Many, many high-paying jobs are jobs our society cannot function without. And not a few are distasteful to many, if not most. One reason many smart people do not go into politics, despite this profession’s long history of high spoils rates, is because it is disgusting work. Tedious. Morally ugly. Dehumanizing. And most people say politics is absolutely essential to modern society.

I would rather drive a garbage truck or sling cowshit in a dairy farm than serve in the Oval Office.

Or probe around in the above-mentioned orifices.

And let us say, arguendo, that more and more people found garbage collection and sewerage repair just too disgusting to hire themselves out for. If these jobs’ products remain demanded by people, the customers would indeed pay higher prices — and with a tight supply and higher demand, we can expect wages to rise in those fields.

It is worth noting that many dirty jobs actually pay pretty well. See Mike Rowe’s once-popular show, Dirty Jobs. Consider “the trades.”

To answer the original question in the affirmative is to take a conspiratorial view of wages. Those who believe such things should study economics, learn about “marginal productivity,” and put away silly hunches and prejudices.

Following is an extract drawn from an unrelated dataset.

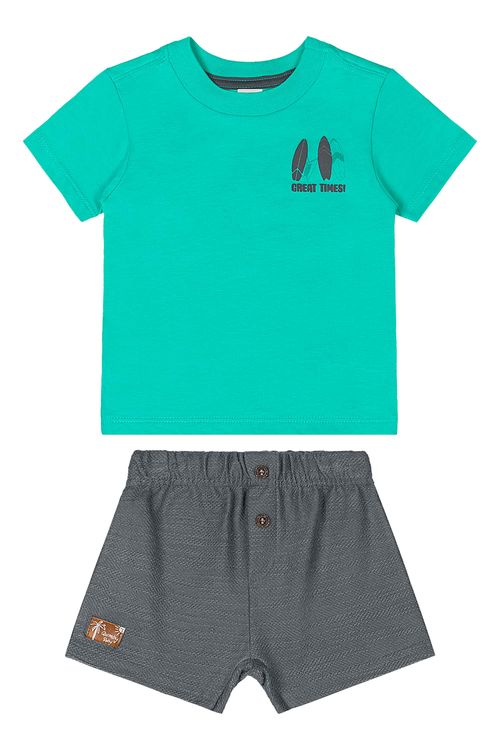 Conjunto Bebê com Camiseta e Bermuda (Verde) Quimby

But let us return to the first phrase: “The big lie of capitalism is that everyone can be rich. . . .” If by this one means “equally rich” (which probably is what is meant) I have to say: I’ve never heard anyone assert that this is what a market economy offers us. Equality of wealth is not possible — unless you flip that around: equality of dire poverty is possible.

And in societies geared to be extremely anti-capitalist — that is, in socialist societies — caste divisions and great disparities of wealth become quite large. Just think of Venezuela’s richest woman, the former president’s daughter, and contrast her with the masses of that beleaguered-yet-resource-rich country. Now starving, they no longer line up for food, they line up at the border, trying to exit the country.

Equality is not a function of nature. No society but the simplest and poorest sports material equality. Even in hunter-gatherer tribes there tends to be some startling inequalities. Markets reward performance on merit through that amazing filter, supply and demand. It is not equality that markets produce, but quality in general. And, as others have stated, we are a lot wealthier now than we used to be. There has been awesome material progress.

It is a pity that a progress in wisdom has not been nearly as marked. But, to some extent this is to be expected: education has been monopolized in public schooling as well as in limited-accreditation higher ed, to an amazing degree for well over a century — monopolized in the non-capitalist sector of society.